• **ASSIGNMENT**: Find the line with "Amon-Ra St. Brown" in the records below. Copy it and every line after it, up to and including the line with "Black Golden Labradoodle".

Start of INFORMATION GIVEN

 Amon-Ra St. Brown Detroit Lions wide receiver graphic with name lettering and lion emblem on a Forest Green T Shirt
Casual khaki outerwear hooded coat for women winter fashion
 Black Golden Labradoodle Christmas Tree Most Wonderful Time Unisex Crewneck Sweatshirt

End of INFORMATION GIVEN
Start of INFORMATION GIVEN

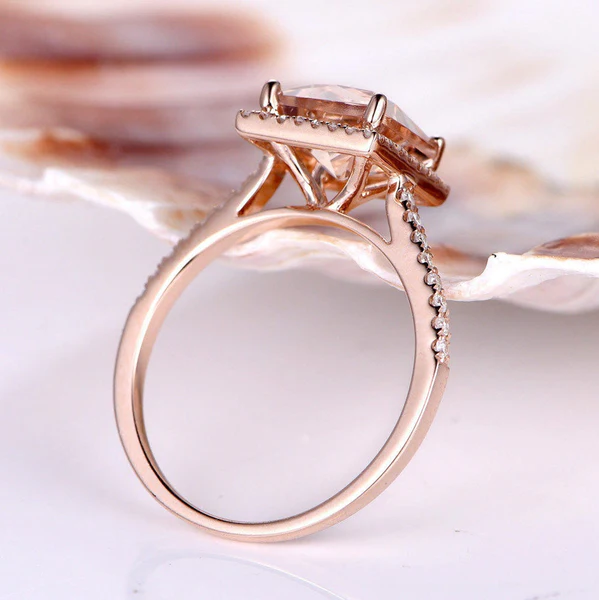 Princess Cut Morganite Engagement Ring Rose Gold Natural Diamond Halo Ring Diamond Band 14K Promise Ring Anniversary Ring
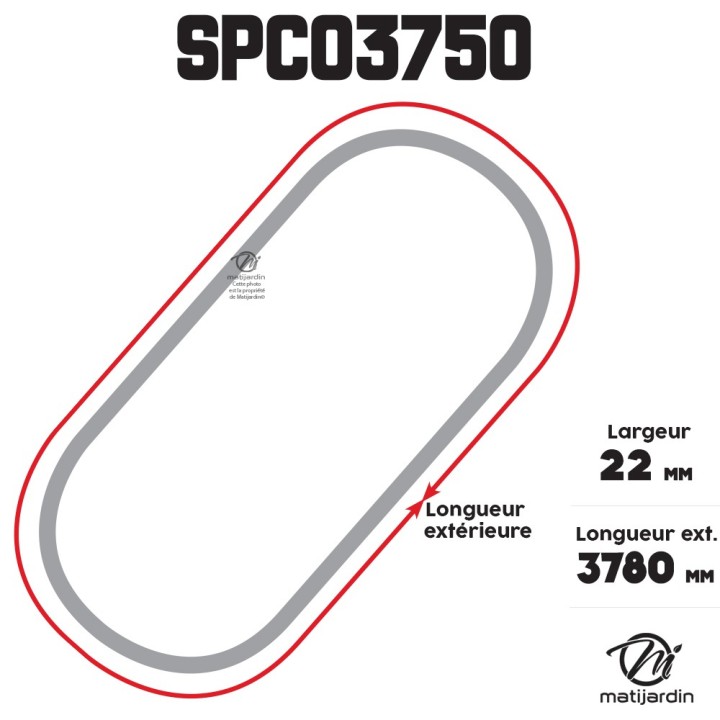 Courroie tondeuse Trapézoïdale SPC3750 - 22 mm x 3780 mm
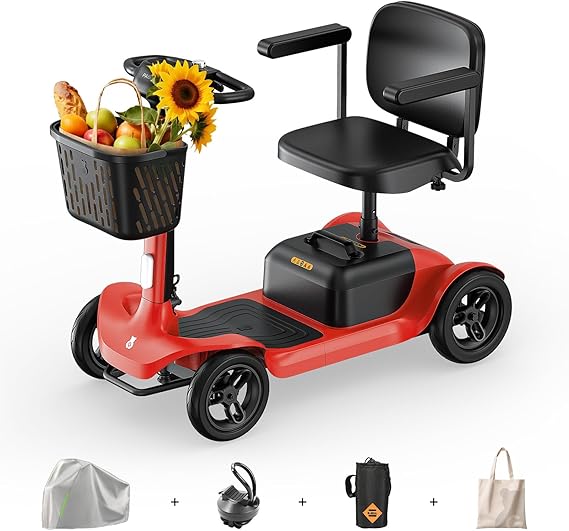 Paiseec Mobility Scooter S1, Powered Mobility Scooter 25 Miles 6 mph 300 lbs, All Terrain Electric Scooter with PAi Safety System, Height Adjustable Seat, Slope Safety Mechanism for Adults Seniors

End of INFORMATION GIVEN

• **WRITTEN REPLY**:
 Amon-Ra St. Brown Detroit Lions wide receiver graphic with name lettering and lion emblem on a Forest Green T Shirt
Casual khaki outerwear hooded coat for women winter fashion
 Black Golden Labradoodle Christmas Tree Most Wonderful Time Unisex Crewneck Sweatshirt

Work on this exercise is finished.